--- Brief ---
Pictures are not part of the copy; reproduce the remaining data exactly.

━━━━━━━━━━━━━━━━━━━━━━━━━━━━━━

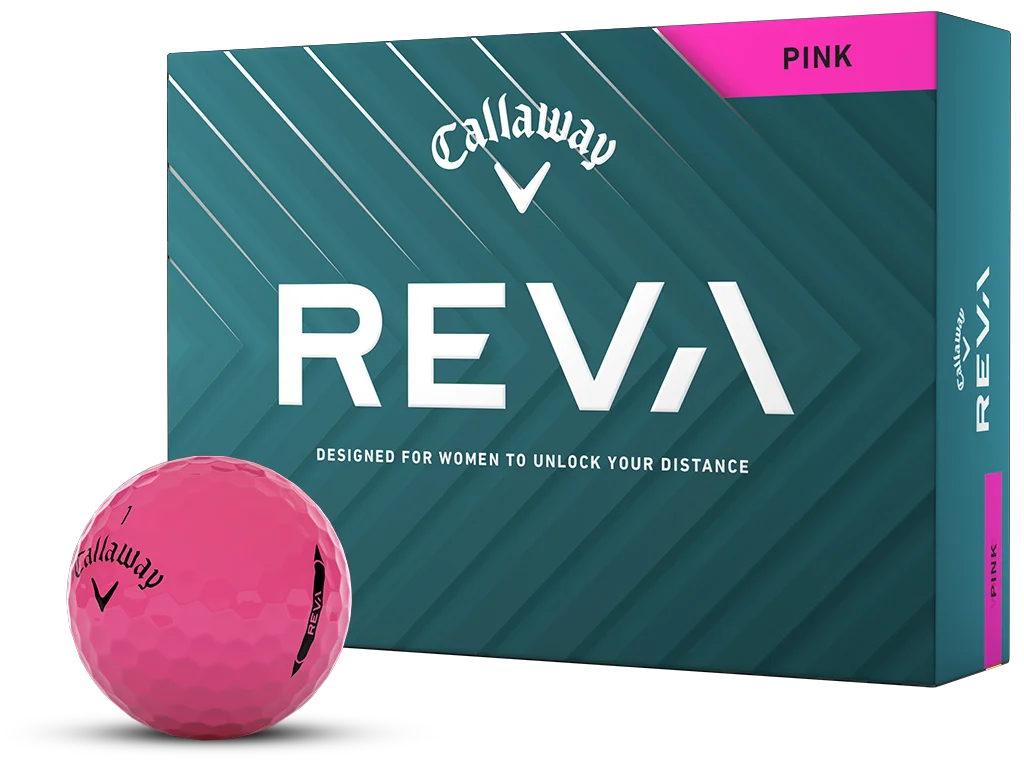 REVA Pink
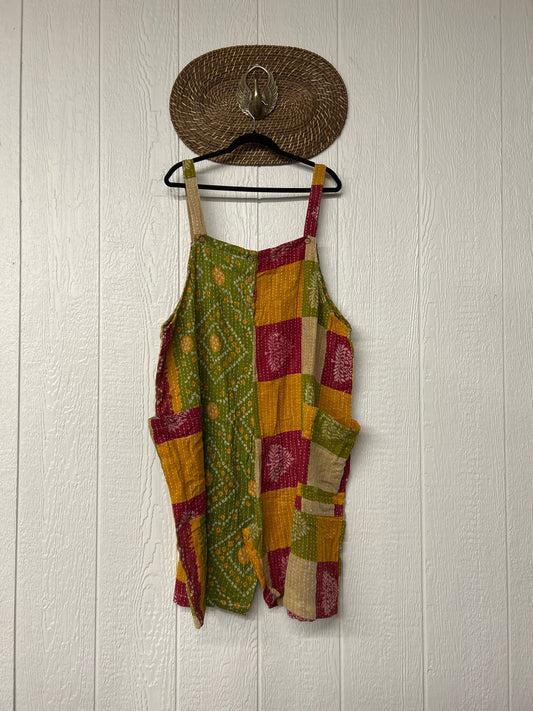 Seeker Shortall 0625 190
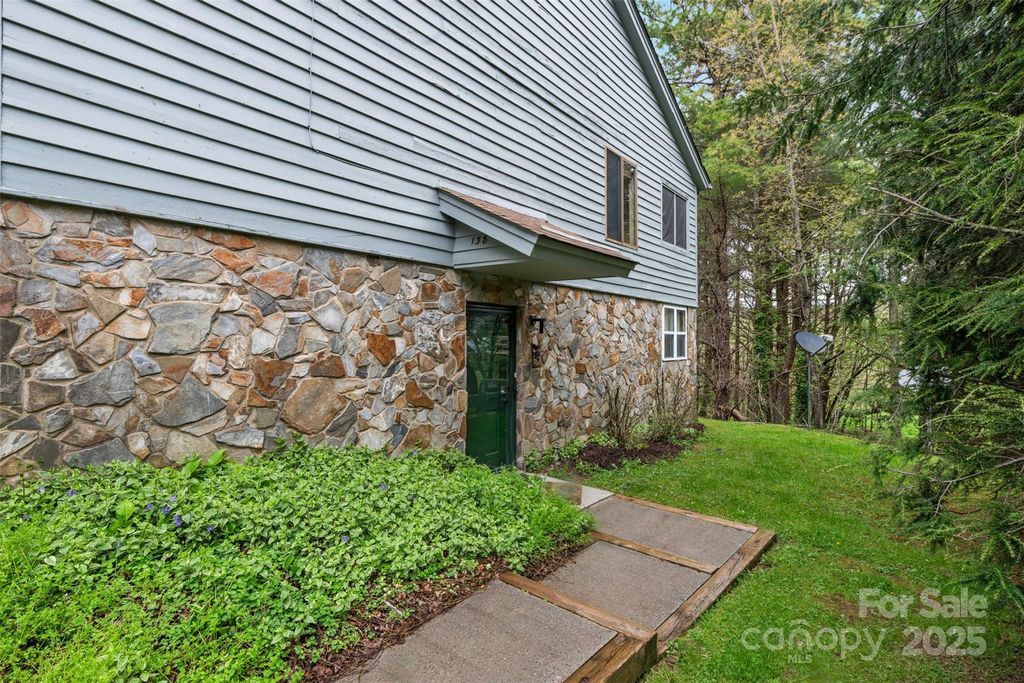 138 Village Drive, Boone, NC 28607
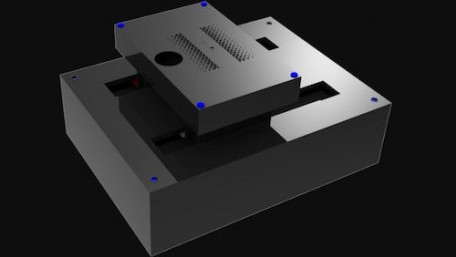Eggtronic Announces New Patented Implementation of Capacitive Coupled Converters at CES 2019
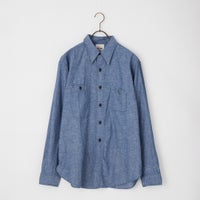 400 INDIGO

━━━━━━━━━━━━━━━━━━━━━━━━━━━━━━

--- Response to the exercise ---
 REVA Pink
 Seeker Shortall 0625 190
 138 Village Drive, Boone, NC 28607
Eggtronic Announces New Patented Implementation of Capacitive Coupled Converters at CES 2019
 400 INDIGO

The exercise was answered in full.